Cybersecurity, deep learning, and body-worn cameras were some of the top trends to watch for this year in the video surveillance market, as vendors seek to roll out more secure and more value-added solutions in the midst of intense competition.
That’s according to IHS Markit in its latest report, which cited the global video surveillance market is expected to grow 7 percent this year.
“Demand for video surveillance equipment is likely to continue growing rapidly in 2017,” the report said, citing 98 million network cameras and almost 29 million HD CCTV cameras will be shipped globally this year.
However, it noted price competition will remain intense. “Competition will not make it easy for vendors to grow revenues and margins. Some will fail in this regard and further consolidation of the supply base is inevitable,” IHS said. “However, there will be opportunities for well-placed vendors. For example, demand for some camera types will grow particularly quickly – 180/360 degree cameras, thermal cameras, and stereoscopic cameras are all examples.”
Among the top trends to watch for this year, cybersecurity – protection against cyberattacks like the DDoS attack through security devices last year – ranks on top. “Like in the ICT industry, value-added partnerships, testing and validation will be critical to the future success of video surveillance cybersecurity. Practical examples include partnerships with cybersecurity companies and utilizing in-house and third-party testing to provide notifications and responses of emerging vulnerabilities,” IHS said.
Another top trend is deep learning. This is significant because before, analytics were more or less error-prone and did not live up to their expectations. But now, both the infrastructure (GPUs, for example) and software are ready to enable machines to “learn” image representations through large amounts of data, thus boosting analytic capabilities significantly.
In particular, IHS noted that China has made significant progress in this regard. “China is the largest video surveillance market in the world.
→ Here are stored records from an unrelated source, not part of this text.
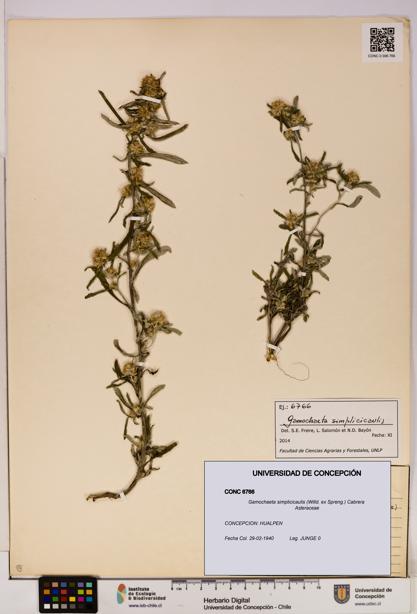 Gamochaeta simplicicaulis [Espécimen: UDEC:CONC:0006766]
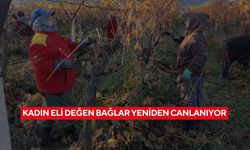 Hem toprak kazanıyor hem kadınlar! Kadın eli değen bağlar yeniden canlanıyor...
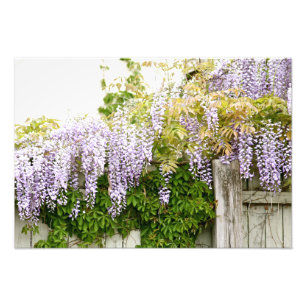 Impression Photo Fleurs 3 de glycines
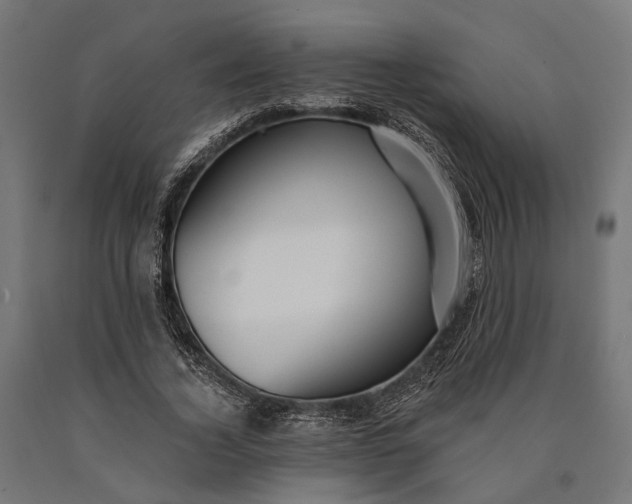 X0000090730732200708031523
With the numerous large installations of surveillance cameras and massive amounts of video data, the end users in China are eagerly seeking ways to interpret the large amounts of data they collect with VCA, notable examples are the police and traffic departments,” it said. “As a possible differentiator leading to potential market share gains, the deep learning technologies developed by Chinese video surveillance vendors is evolving towards the development of a full value chain ecosystem including collaboration from GPU providers, software developers.”
Another trend is further diversification by Chinese companies. Of note, IHS cited Hikvision and Dahua’s efforts to diversify beyond security equipment, for example into drones, as well as beyond security applications, for example into industrial automation and smart transportation.
Fourthly, body-worn cameras are getting more popular, and their applications beyond law enforcement are expected. “Activities that would normally require two people to be present in order to guarantee safety or standards, for example manned rail line inspection, could potentially be completed by one person with a body-worn camera thus freeing up human resources and reducing costs.
Other trends cited by the report include a shifting in demand for HD CCTV from China to other countries, the use of video in safe cities, and the evolution of VMS user interfaces.